- Film poster
- Directed by: John C. Broderick
- Written by: John C. Broderick Jeffrey Bernini
- Produced by: John C. Broderick
- Starring: Gary Lockwood Carol Lynley Royal Dano John Wheeler Cliff Emmich
- Cinematography: Tak Fujimoto
- Edited by: Keith Olson
- Music by: Don Peake
- Production company: Dimension Pictures
- Distributed by: Dimension Pictures
- Release date: 1977;
- Running time: 86 minutes
- Country: United States
- Language: English

= Bad Georgia Road =

1977 film by John Broderick

Bad Georgia Road is a 1977 American action comedy film produced, co-written and directed by John C. Broderick and starring Gary Lockwood, Carol Lynley and Royal Dano.

== Synopsis ==
A New York City woman inherits a moonshine farm in the Southern United States.

== Cast ==
- Gary Lockwood - Leroy Hastings
- Carol Lynley - Molly Golden
- Royal Dano - Arthur Pennyrich
- John Wheeler - Dub Douchette
- John Kerry - Larch
- Cliff Emmich - Earl DePue
- Tom Kibbe - Darryl
- Glynn Rubin - Laura Jean

==Production==
The film was shot in the Lake Piru area in Ventura County, California.
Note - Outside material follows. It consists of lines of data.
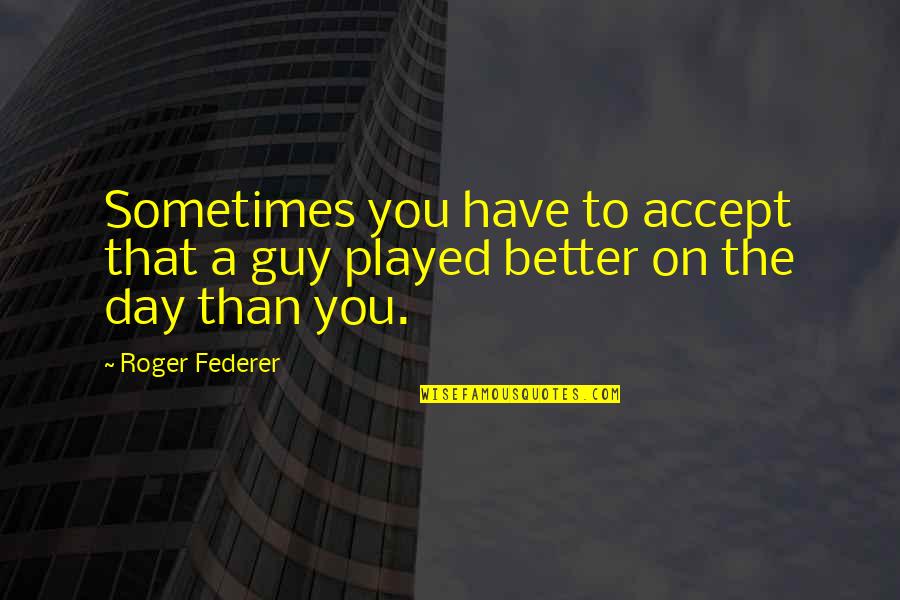 Fire And Brimstone Quotes By Roger Federer: Sometimes you have to accept that a guy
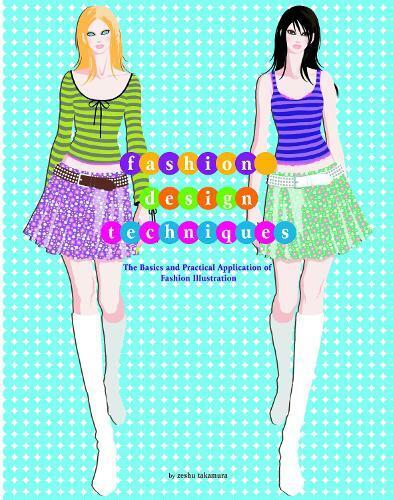 Zeshu Takamura Fashion Design Techniques (Tascabile)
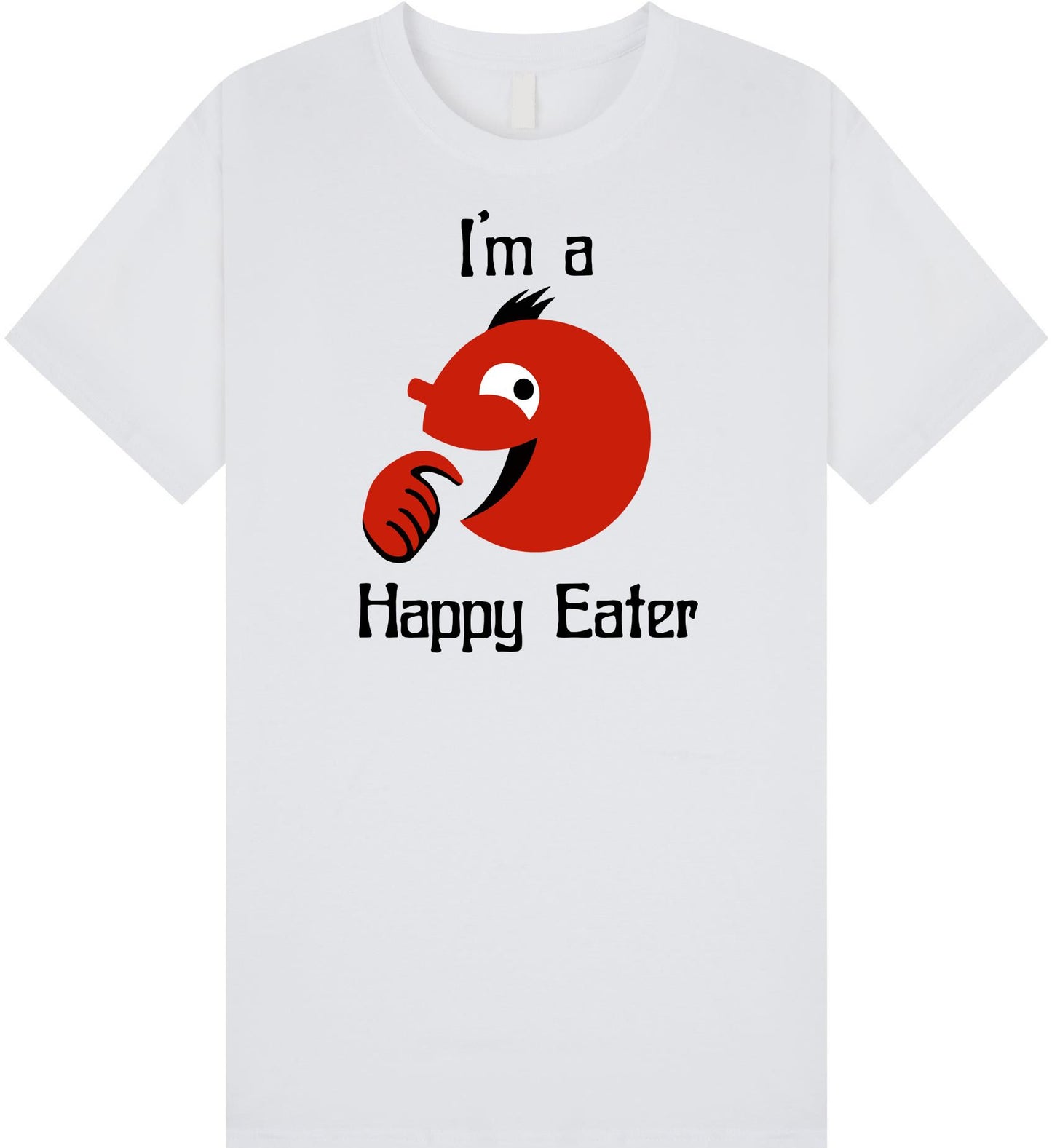 I'm A Happy Eater T-Shirt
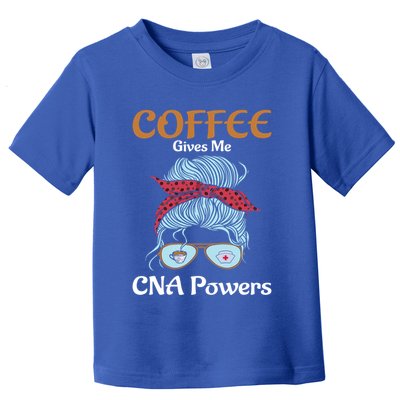 Nurse Aide Coffee Gives Me Cna Powers Healthcare Worker Gift Toddler T-Shirt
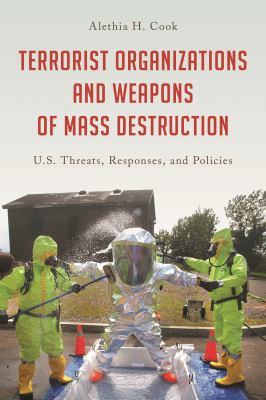 Terrorist Organizations and Weapons of Mass Destruction : U. S. Threats, Responses, and Policies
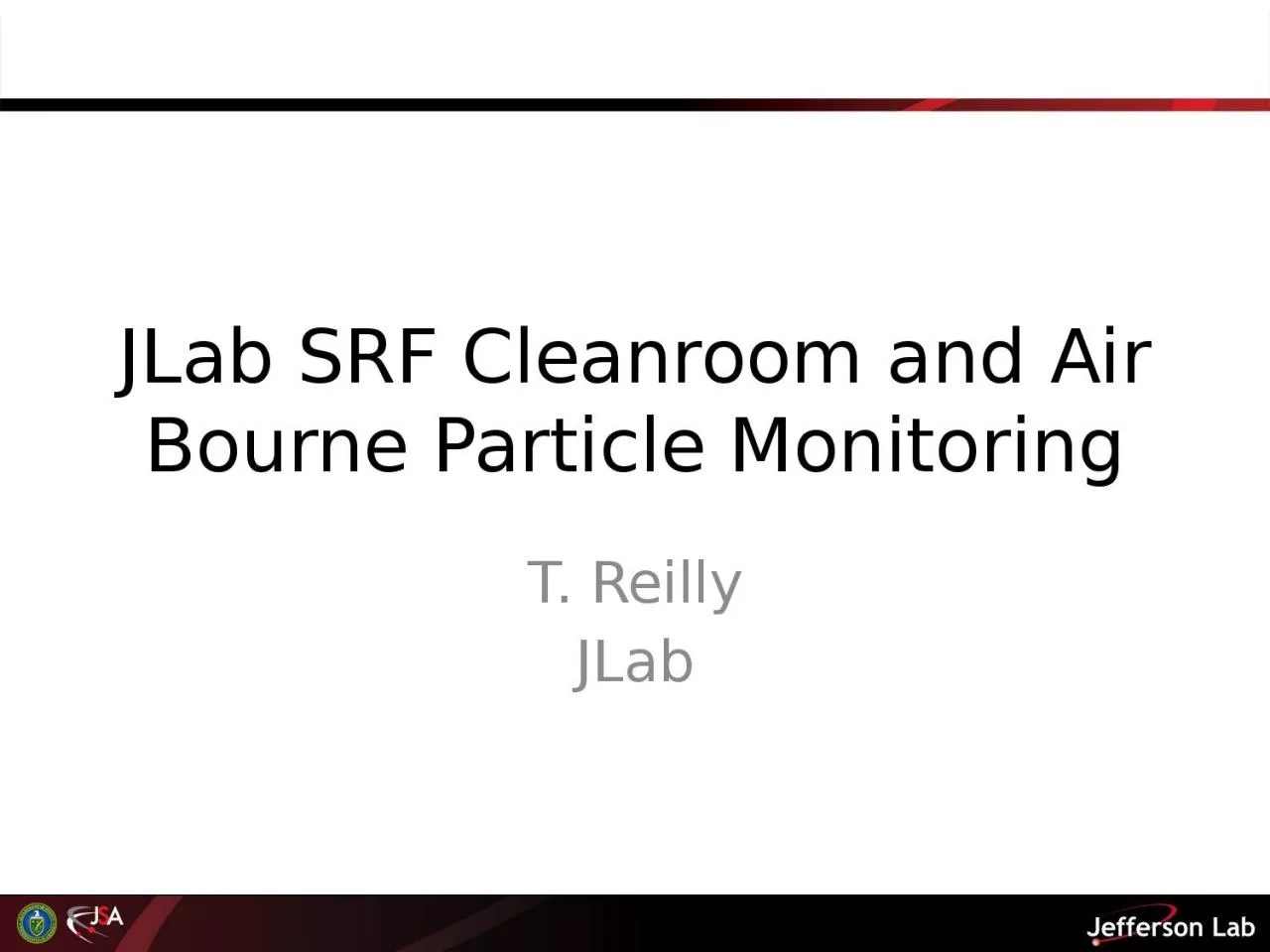 PPT-JLab SRF Cleanroom and Air Bourne Particle Monitoring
It had the working title Molly.

==Release==
The film was initially set to be released by Golden Films International, which eventually passed on it; it was then acquired by Dimension Pictures in April 1977, which initially released a limited release only in Georgia, where it grossed a respectable $102,000 in its first week, and slowly expanded, being mainly screened in the southern United States. In 1978, it was re-released as the second feature in a double bill, paired with either The Great Smokey Roadblock or Hi-Riders.